Schmidt: Es gibt hier schon einen Wandel, aber die traditionellen Strukturen sind nach wie vor vorhanden. Interessanterweise zeigt sich hier oft ein männliches Argumentationsmuster. Zum Beispiel, dass es mutig ist, wenn der Mann in Karenz geht. Dass er sich damit Anerkennung verdient und die Frau dankbar sein muss, wenn er sie da unterstützt.

© News Eva-Maria Schmidt, Erwin Drexler

Wie wird sich die Rolle des Mannes in weiterer Zukunft entwickeln?

Schmidt: Schwer zu sagen. Betrachtet man den Vater, der zuhause das Kind wickelt und betreut, und ältere Kinder sehen das – das bewirkt natürlich schon etwas. Andererseits stagniert die Entwicklung gerade wieder. Es gehen vielleicht 20 Prozent der Männer in Karenz. Da tut sich im Moment nicht allzu viel. Die Frage lautet aber: Was ist das Ziel? Muss irgendeine Art von Differenz bestehen bleiben? Oder sollen alle alles tun?

Wie sehen Sie das, Herr Prohaska? Soll es weiterhin Unterschiede zwischen den Geschlechtern geben?

Prohaska: Irgendwann einmal, glaube ich, wird es keine Unterschiede zwischen Mann und Frau mehr geben. Die Arbeitsplätze werden sich dahingehend verändern, dass es den typischen Männerjob nicht mehr gibt. Muskelkraft wird nur noch in einigen wenigen Bereichen gefragt sein. Der Großteil der Jobs wird Intelligenz erfordern. Da ist es dann egal, ob da ein Mann oder eine Frau sitzt.

Frau Dr. Schmidt, ist es möglich, dass sich die Differenz zwischen Mann und Frau früher oder später auflöst?

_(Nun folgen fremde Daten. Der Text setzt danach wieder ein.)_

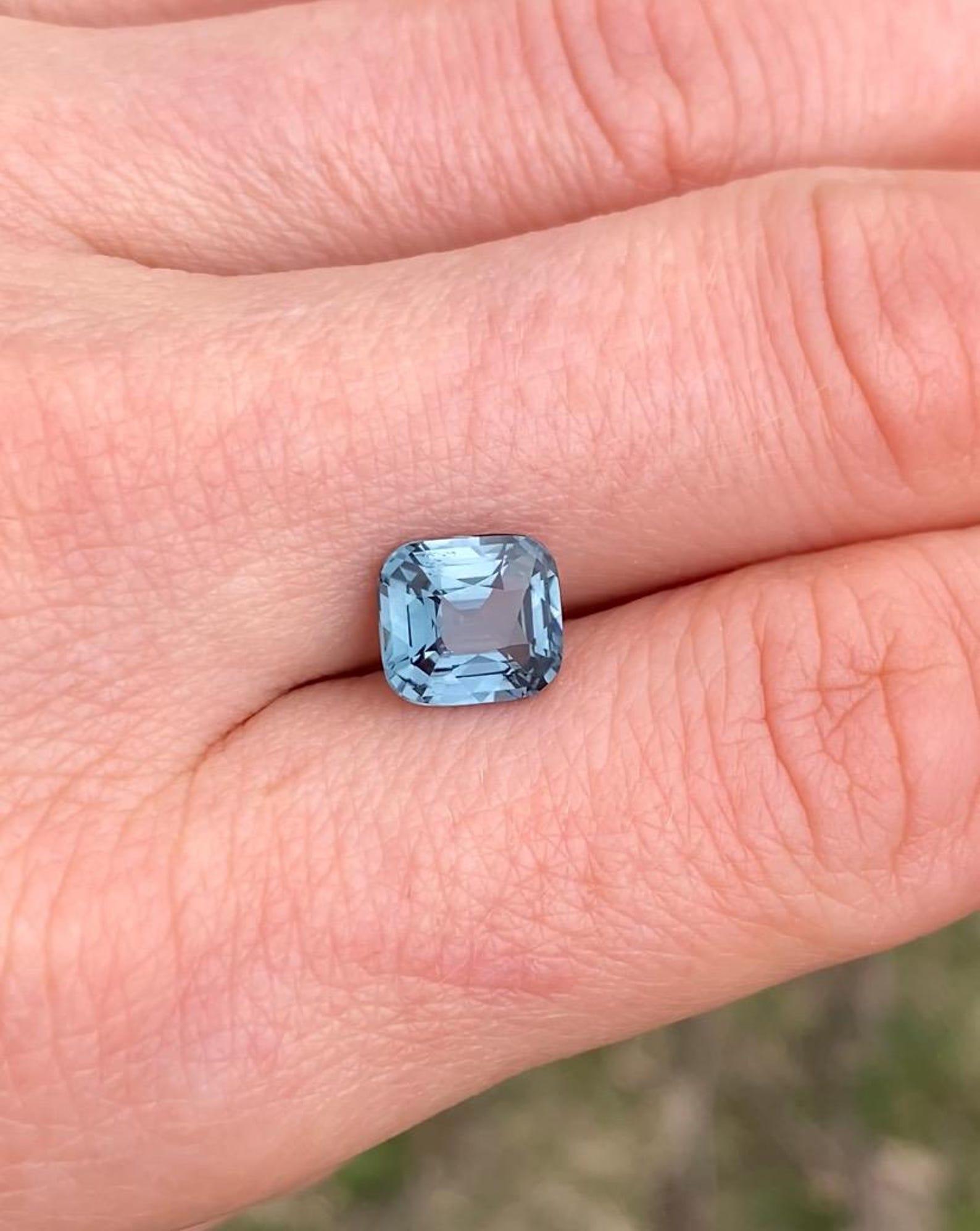 Spinelle gris-bleu 2,61 carats, pierre précieuse naturelle libre de haute qualité, coussin, Tanzanie en vente 6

Schmidt: Ich glaube nicht. Menschen haben gerne klare Strukturen und voneinander unterscheidbare Ideale. Die Frage ist vielmehr, ob die Differenz gut ist oder nicht?

»Menschen haben gerne klare Strukturen und voneinander unterscheidbare Ideale«

Was wünschen Sie sich für die Zukunft?

© Video: News.at

Prohaska: Mehr Akzeptanz für Frauen. Dass sie den Männern gleichgestellt sind. Evolutionär gesehen haben wir Männer zwar den Vorteil, dass wir meistens größer – und ich bin's nicht – und stärker sind. Aber abgesehen davon … Was unterscheidet uns Männer schon von Frauen?

Vielleicht das Kinderkriegen!?

Prohaska: Okay, ja. Aber dafür haben wir Schnupfen. Männerschnupfen. (lacht)

Drexler: Ich finde, dass wir mit der Gleichberechtigung der Frauen nicht so schlecht ausschauen. Was ich aber auf meinen Reisen sehe ... Ich komme gerade aus dem Iran. Was die Frauen dort erleben müssen, ist entsetzlich. Ich würde mir wünschen, dass die weiterkommen.